Needless to say, this attempt too was abandoned before it ever even got close to finishing. Still, it was very enjoyable to write, since my best friend was playing the same game and was writing her own story about her group of adventurers, and her group leader was Yastar’s elder brother (that he didn’t remember he had. This story had more drama than your average TV soap series).

After that I should mention the semester during which I dabbled with the English Language department (I studied Russian) and took a literature class in Science Fiction and Fantasy, which has always been pretty much the only kind of literature I’ve been really interested in. In order to get the study credits for this class all the students had to write an essay. This could either be a ‘regular’ essay, or if you wanted to you could write an additional chapter or different ending to any of the books we had read. This latter option seemed much more attractive to me, so what I did was write an alternative ending to Forty Thousand in Gehenna, by C.J. Cherryh. It appears this book is out of print, since Amazon only offers used copies for sale, but it tells the story of forty thousand clones who are sent to a planet to settle and colonise it, together with a few hundred non-clone personnel, and are subsequently abandoned and have to adapt to a planet with an indigenous species completely unlike any man has encountered before. Fairly classic sci-fi, I suppose, but I hated the ending, so I wrote a different ending.

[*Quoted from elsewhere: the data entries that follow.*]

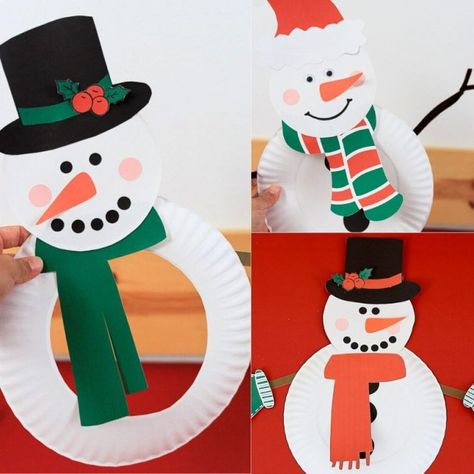 Paper Plate Snowman, Snowman Craft For Kids, Diy Craft For Kids, Snow Globe Crafts, Globe Crafts, Paper Plate Crafts For Kids, Snowman Craft, Meaningful Christmas, Paper Christmas Ornaments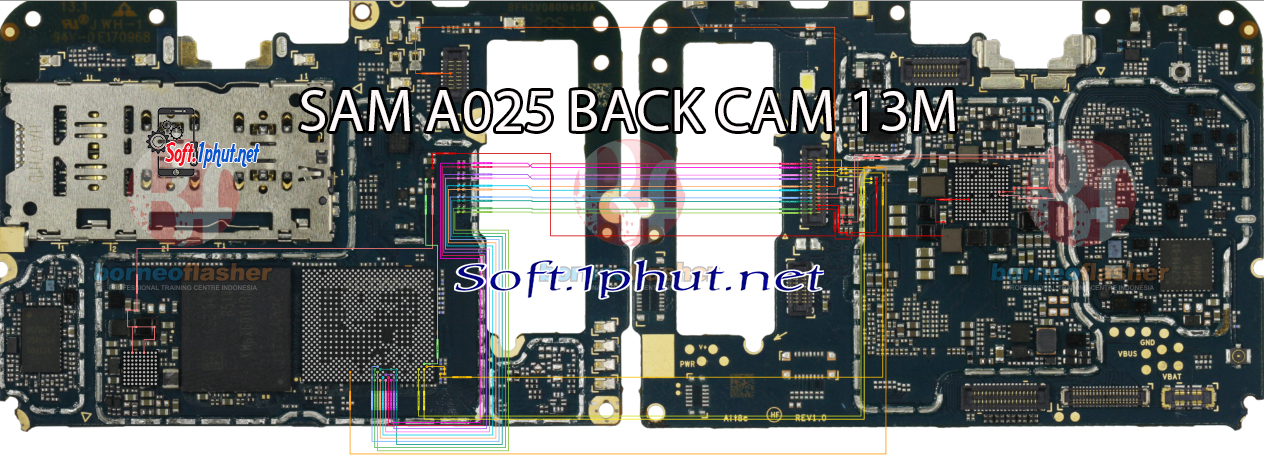 SƠ ĐỒ SỬA CHỮA CAM SAU 13M SAM A025, A02S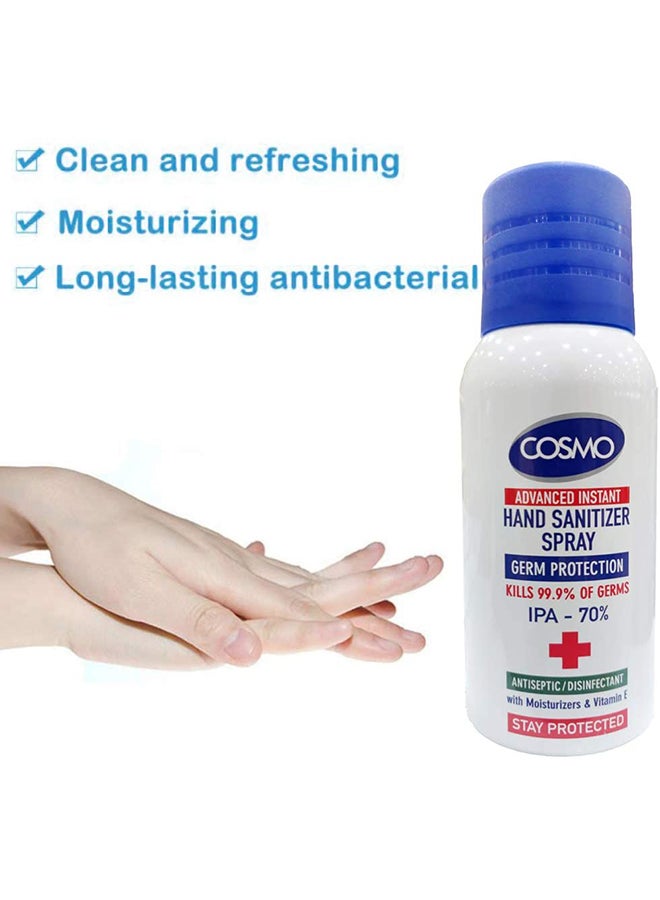 COSMOS Hand Sanitizer Spray 100ml Pack Of 10 - Image 2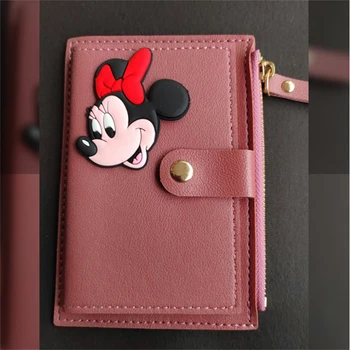 [1ks ] Disney Kreditní Kapela ID Držitele Karty Muž Žena Mládeže Dámy Módní Mini Kabelka Mickey Minnie Mouse Steh Pú Fantazie Peněženku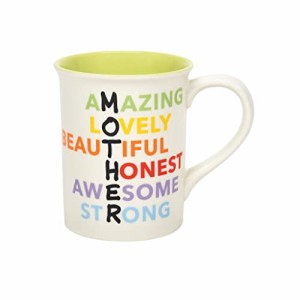 エネスコ Enesco 置物 インテリア Enesco Our Name is Mud Mother Anagram Engraved Coffee Mug, 16 Ounce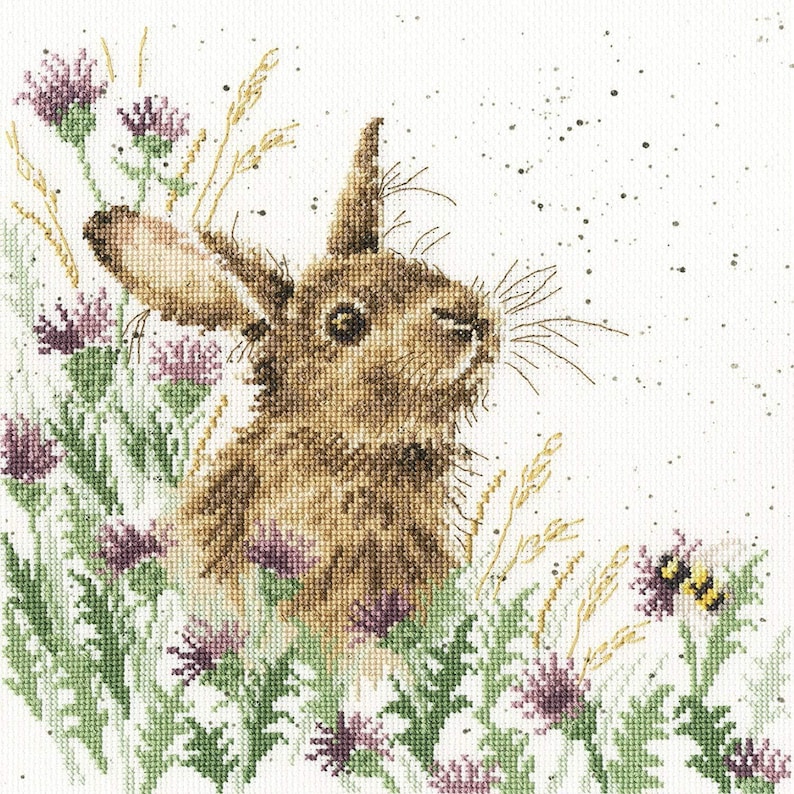Scandi Tree Bothy Threads counted cross stitch kit 14 count parchment aida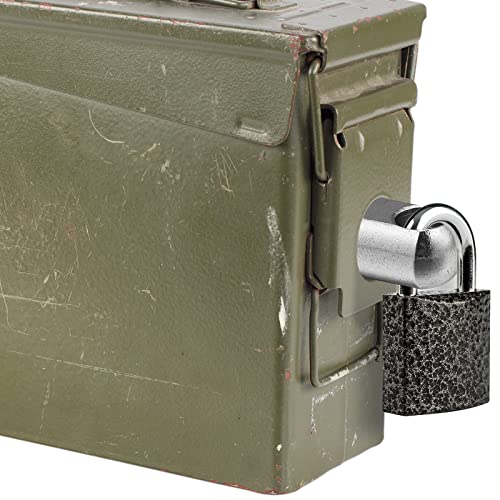 4-Pack Stainless Steel Locking Hardware Kit for Metal Cans, Secure Lock Set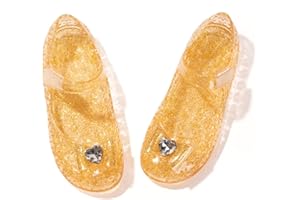 Naihoow Girls Princess Shoes Mary Jane Flats Girls Dress Up Shoes Dance Party Cosplay Shoes Jelly Shoes for Girls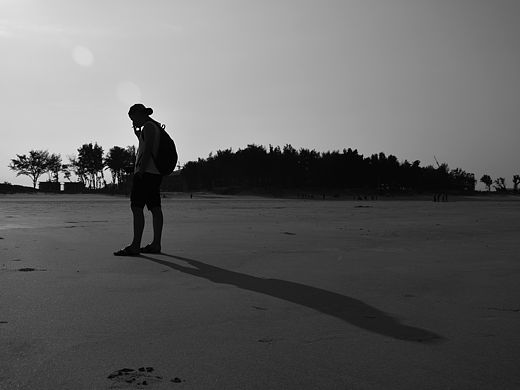 海边的烟民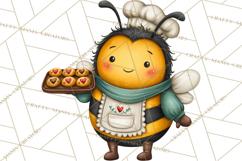 Love Bug Picnic Clipart PNG, Sweet Insect Valentine Clip Art Product Image 4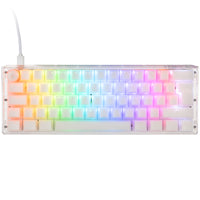 Ducky One 3 Aura White Mini Gaming Tastatur, RGB LED - MX-Red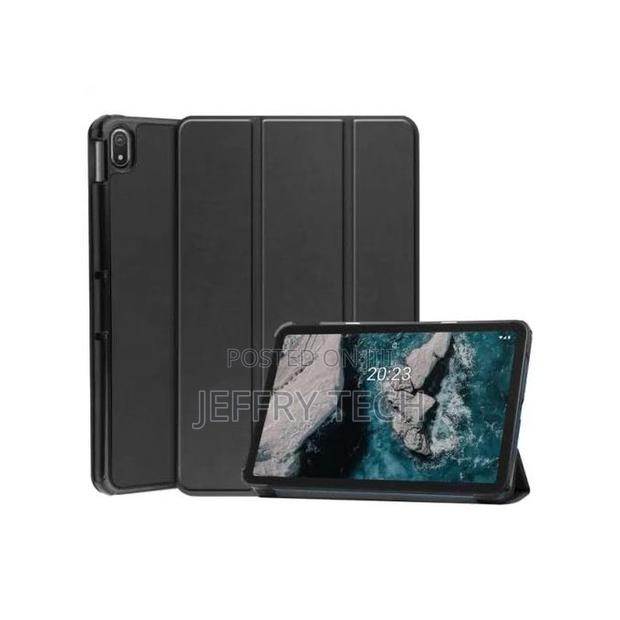 Smartcase Flip Case for Nokia T20 -Black - main view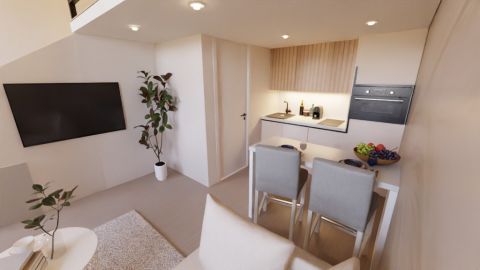 Eladó Lakás 1066 Budapest 6. kerület BAZILIKÁTÓL  pár perc sétára - Modern stúdió, szép házban!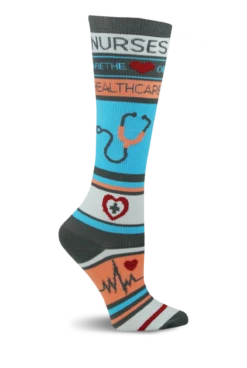 Think Medical Fashion Nurses Healthcare Women's 10-14 MmHg Light Compression Socks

When I got the essay back, the teacher had given me a 10.

To clarify, Dutch grading doesn’t work with percentiles or A to F grading. Instead you are marked between 1 and 10, with 1 being a reward for putting your name at the top of your work (but nothing else), 3 being a bag of shite, 6 being barely sufficient, 8 being good and 10 being perfect.

When I went to query such a baffling grade (how on earth can an essay ever be perfect?) the teacher explained to me that the book was his all-time favourite book ever, and he had always hated the ending as well. My alternative version, he said, was how it ought to have ended, and as such he had given me the perfect score.

It remains one of the biggest ego-boosts I have ever had in my life.

Not much happened for a few years after that. I met my husband while I was still at university, and shortly after graduating I moved to England to live with him. Existing friendships became remote and I began to spend more time online, where I stumbled across an Elfquest fanholt. Elfquest is a series of absolutely gorgeous graphic novels with a storyline that encompasses war, betrayal, loyalty, love and anything else you can think of in between. For more information, go here: http://www.elfquest.com/social/index.php

This rich world inhabited by humans and elves has spawned many fan-sites where people own their own Elfquest-based characters, and the site I joined was no different. I owned two characters, a sister and brother called Birchbark and Rock, and although I contributed some pretty bad artwork, my main efforts were always short stories centred around one or both of these characters. Simple tales of everyday life in a community of elves, involving hunting, love, fears, hopes and loss. Here is a small excerpt, from a story in which Birchbark loses the wolf she has bonded with (as all elves of her kind do):

“His fur was patchy, Birchbark noticed. Funny how she hadn’t noticed it before. She scratched his favourite spot behind his ears and smiled through her tears when he squeezed his eyes shut in delight.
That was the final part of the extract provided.